-- Supplied material --
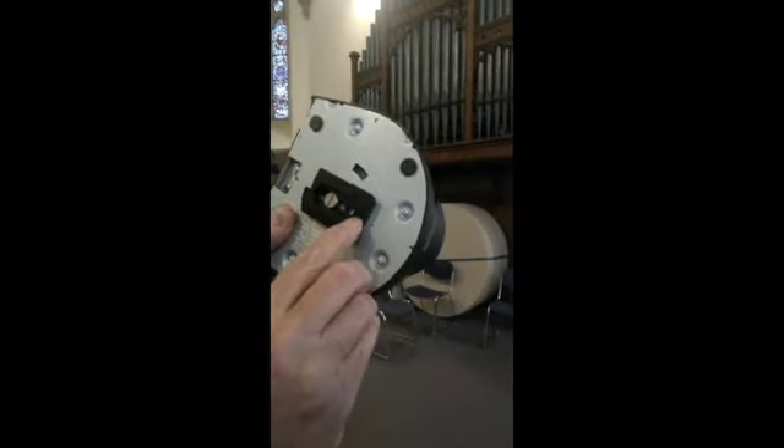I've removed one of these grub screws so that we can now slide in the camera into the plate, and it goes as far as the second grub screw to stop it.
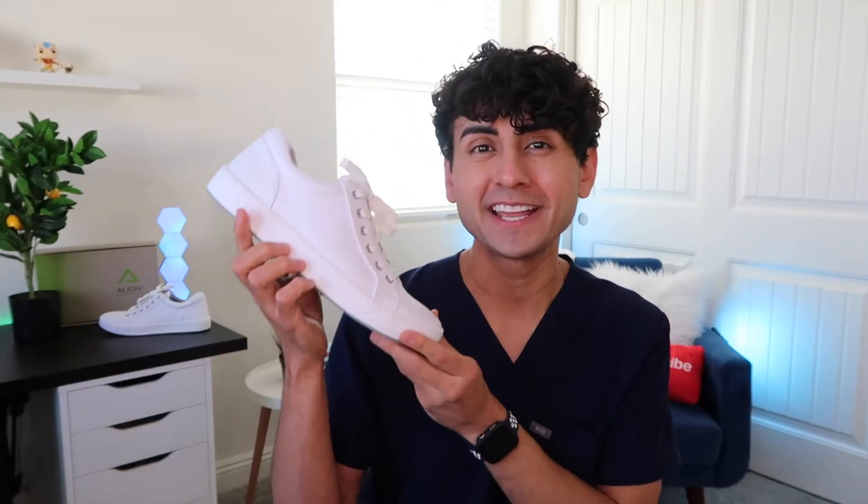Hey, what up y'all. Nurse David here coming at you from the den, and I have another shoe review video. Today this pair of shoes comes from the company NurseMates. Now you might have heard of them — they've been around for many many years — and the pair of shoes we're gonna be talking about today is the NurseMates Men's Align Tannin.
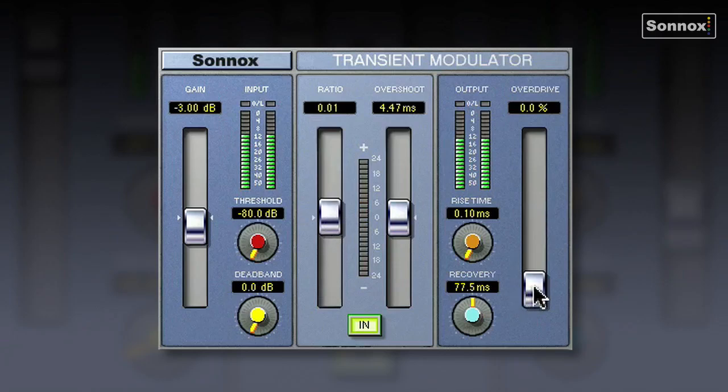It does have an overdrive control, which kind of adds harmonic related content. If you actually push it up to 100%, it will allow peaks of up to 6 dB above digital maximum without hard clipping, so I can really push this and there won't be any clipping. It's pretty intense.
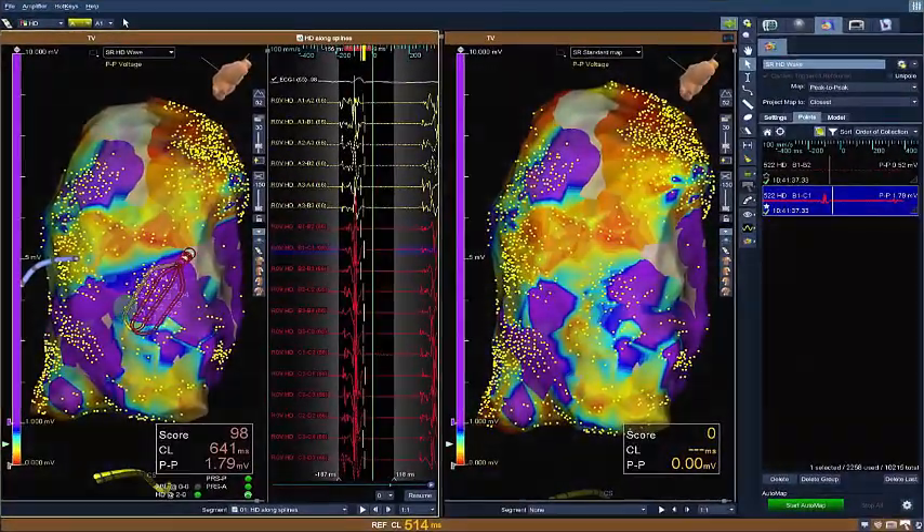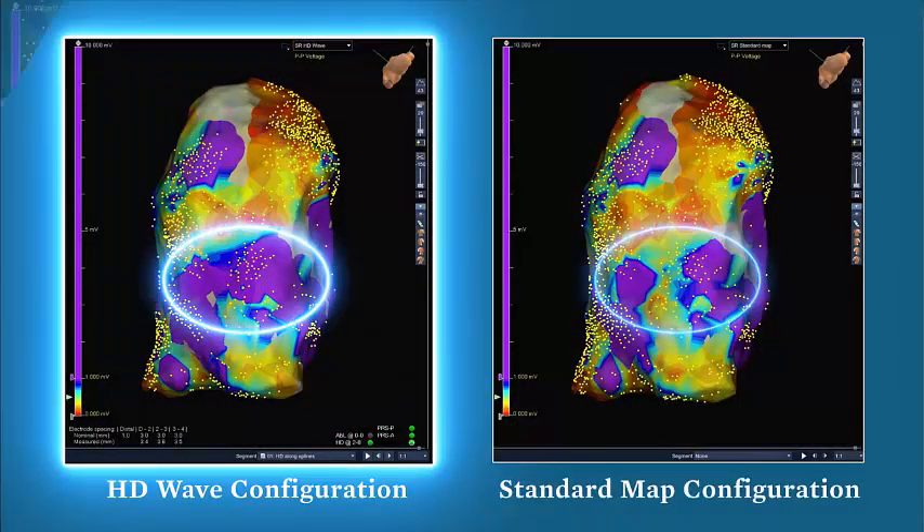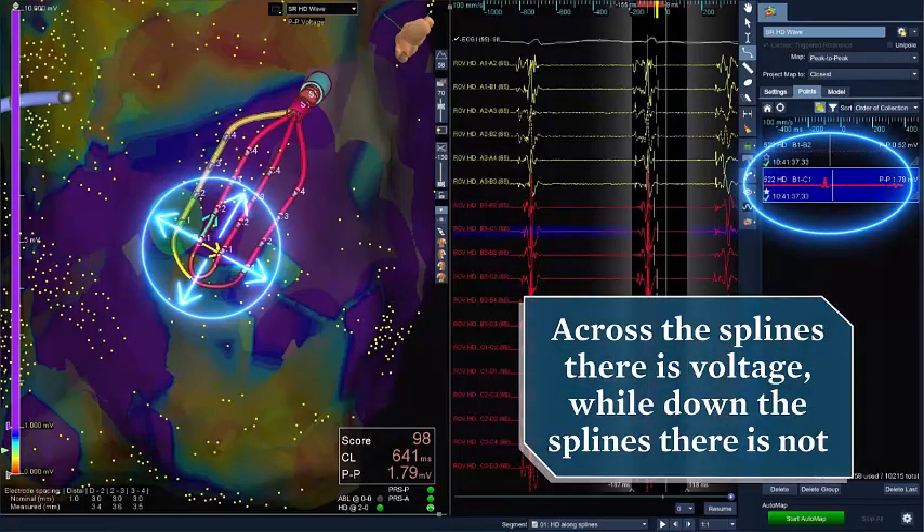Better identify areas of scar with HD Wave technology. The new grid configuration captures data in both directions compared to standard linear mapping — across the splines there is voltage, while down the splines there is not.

-- To do --
Reproduce exactly and only the lines from the line that contains "It does have" to the end of the data above, both ends included. No pictures go in the copy.

-- Worked solution --
It does have an overdrive control, which kind of adds harmonic related content. If you actually push it up to 100%, it will allow peaks of up to 6 dB above digital maximum without hard clipping, so I can really push this and there won't be any clipping. It's pretty intense.
Better identify areas of scar with HD Wave technology. The new grid configuration captures data in both directions compared to standard linear mapping — across the splines there is voltage, while down the splines there is not.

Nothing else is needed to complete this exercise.